また、同社のIPOが過大評価される可能性も懸念されている。インフォメーション(The Information)が先日報じたところによれば、オラクルとウォルマートは、TikTokグローバルの企業価値を500億~600億ドル(約5.2兆~6.3兆円)に評価しているという。600億ドルという企業価値は、スナップ(Snap)のそれ(350億ドル[約3.6兆円])の2倍近い額であるが、売上は大きく下回っていると、グループエム(GroupM)でビジネスインテリジェンス部門のグローバルプレジデントを務める、ブライアン・ワイザー氏は指摘する。
過大評価されたIPOは、その莫大な評価額に応じた富の期待を、従業員たちに抱かせる。しかし市場にデビューするや、まもなく株価は暴落する。このことを誰よりも知っているのは、スナップ草創期の社員たちだろう。また、ワイザー氏にいわせれば、広告主にとってTikTokのIPO(とりわけ、過大評価された場合のそれ)は、広告主のさまざまな懸念を払拭するための、「最低限の要素」にしかならないという。
「生まれるのは、社員が不満を募らせるかもしれないというリスクだ」と、同氏は語る。
ウォルマートの目論見とは? 同社のライバルたちは認めるのか?
ウォルマートは9月19日付けの声明のなかで、この取引が同社に「リーチの拡大や、オムニチャネルの顧客に対するサービスの提供、サードパーティマーケットプレイスや、フルフィルメント、広告などの各種事業の成長を実現するための重要な手段をもたらしてくれることを期待している」と述べている。

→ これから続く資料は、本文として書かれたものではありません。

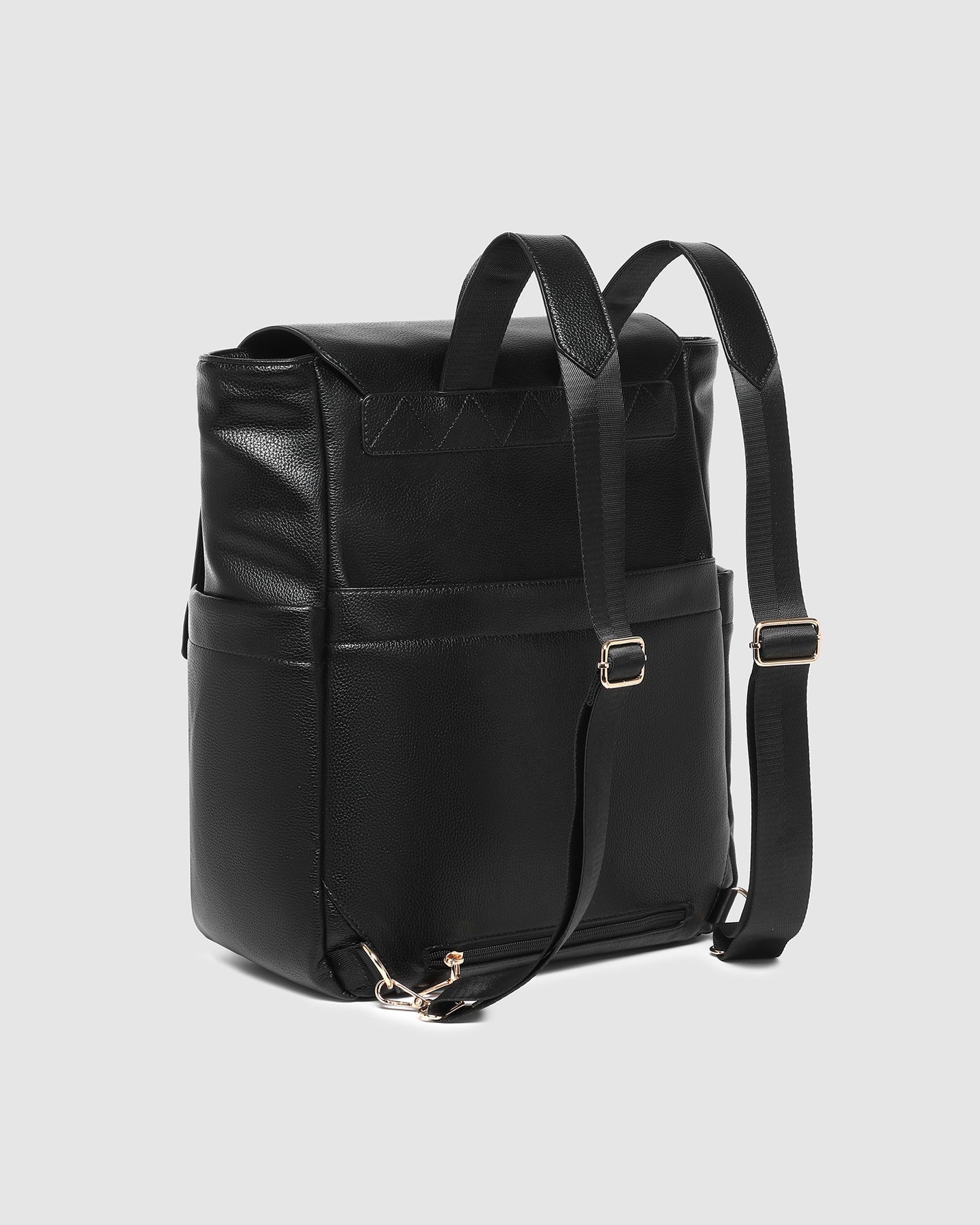 Drew Backpack Black - Pure Apotheca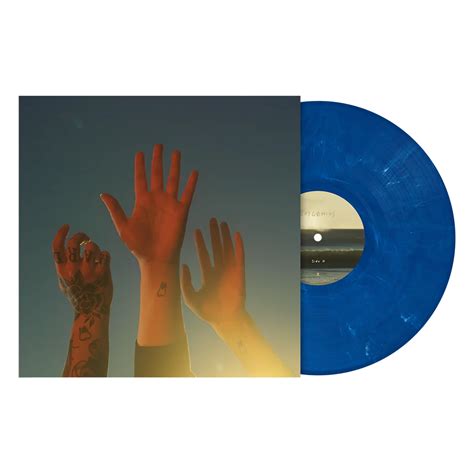 the record vinyl lp [Itd-edition blue vinyl] - Boygenius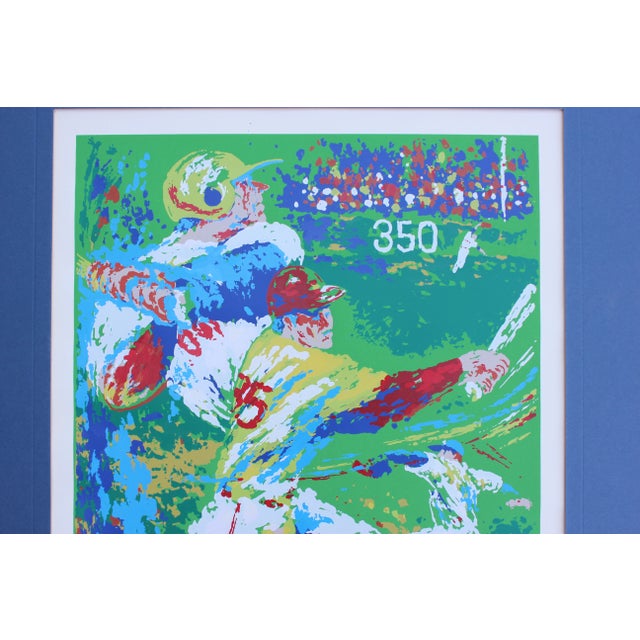 Pop Art 1970's Batter Up Baseball Print For Sale - Image 3 of 5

すでにウォルマートには、広告部門のウォルマート・メディア・グループ(Walmart Media Group)がある。同部門は、Amazonとの直接対決を繰り広げているが、ウォルマートの実店舗の売り上げデータを活用することによって、差別化を図っている。TikTokの力を借りることができれば、ウォルマートはソーシャルコマースの足掛かりを得られる可能性がある。特に、ウォルマートの平均的な買い物客よりも、若いユーザーたちにリーチできるようになるかもしれない。
「eコマースのアセットと小売データを組み合わせた、クローズド・ループ・メジャメント(closed loop measurement:オンライン、オフラインを跨いだ測定)を提供できるウォルマートは、CPGブランドから歓迎されるだろう」と、広告エージェンシーのUMでデジタル/グローバルブランドセーフティ部門の最高責任者を務める、ジョシュア・ロウコック氏は語る。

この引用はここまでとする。